Your assignment: Your reply should consist of the entries, copied exactly and stripped of images.

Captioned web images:
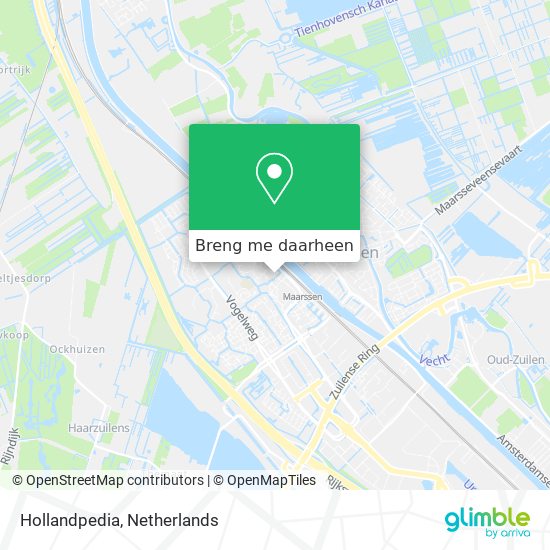 Hollandpedia kaart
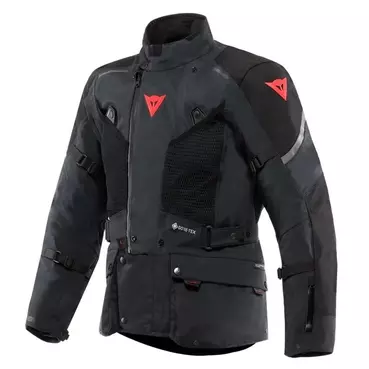 Dainese Super Expedition Gore-tex мотокуртка Black Red Черный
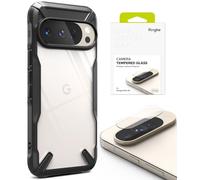 Ringke Fusion-X Black e Camera Glass Compatibile con Pixel 10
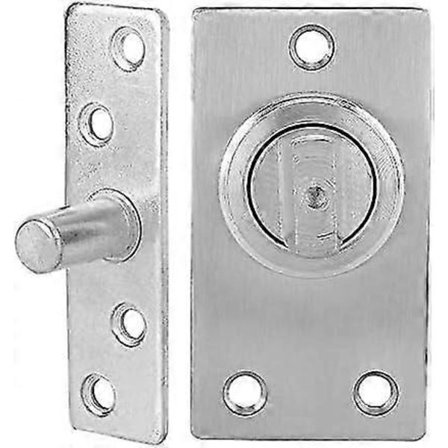 Tredørhengsel, Dør Pivot Hengsler, Kraftig for Tredører 360 Graders Rustfritt Stål Murphy Hengselsystem, Akselsving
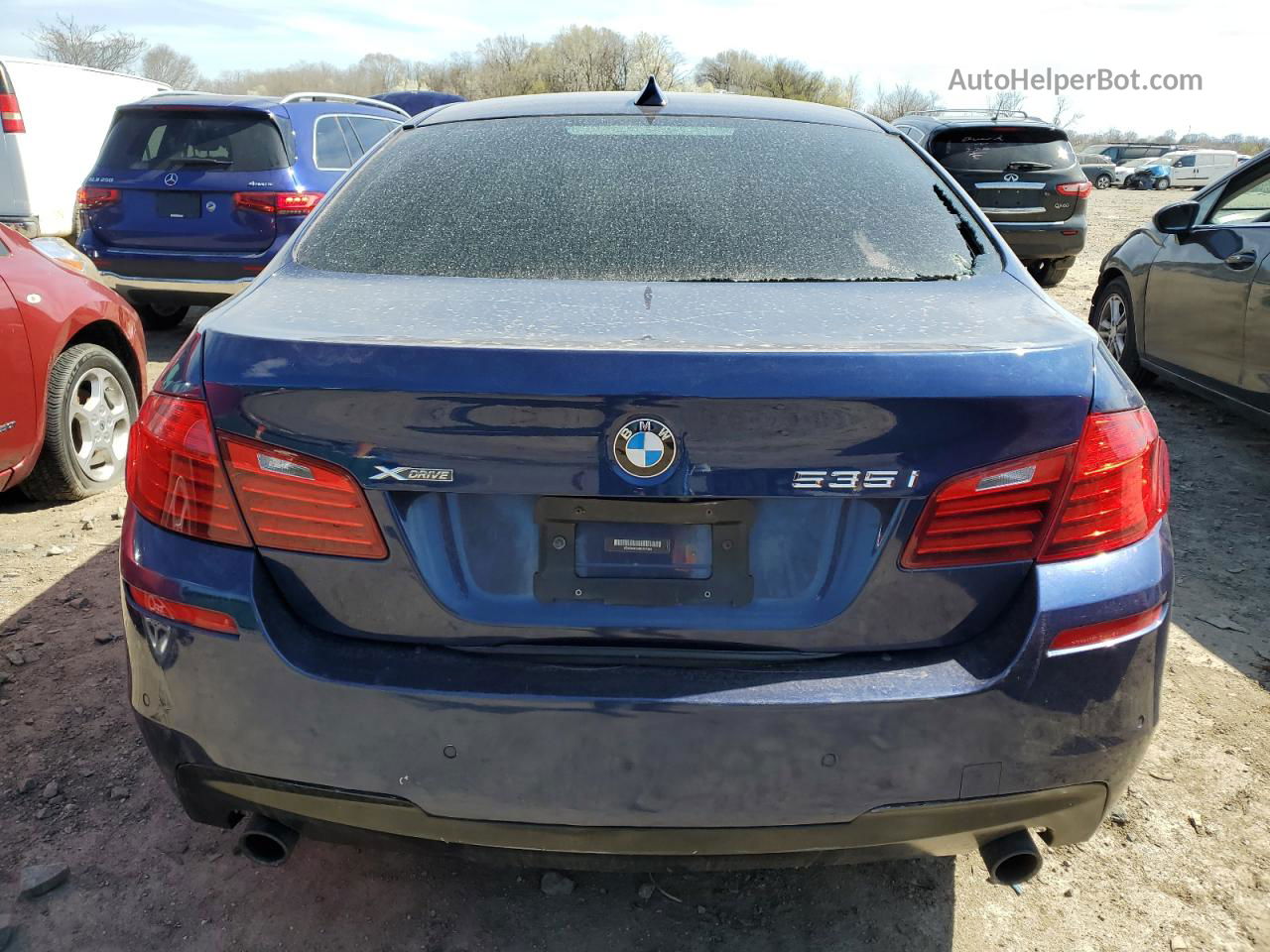 2016 Bmw 535 Xi Blue vin: WBA5B3C52GG257409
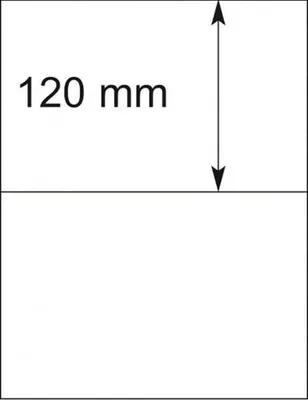 Produktbild von Lindner 802105P T-Blanko-Blätter - 10er-Packung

Result:
 Hollandpedia kaart
 Dainese Super Expedition Gore-tex мотокуртка Black Red Черный
 Ringke Fusion-X Black e Camera Glass Compatibile con Pixel 10
 Tredørhengsel, Dør Pivot Hengsler, Kraftig for Tredører 360 Graders Rustfritt Stål Murphy Hengselsystem, Akselsving
 2016 Bmw 535 Xi Blue vin: WBA5B3C52GG257409
 Produktbild von Lindner 802105P T-Blanko-Blätter - 10er-Packung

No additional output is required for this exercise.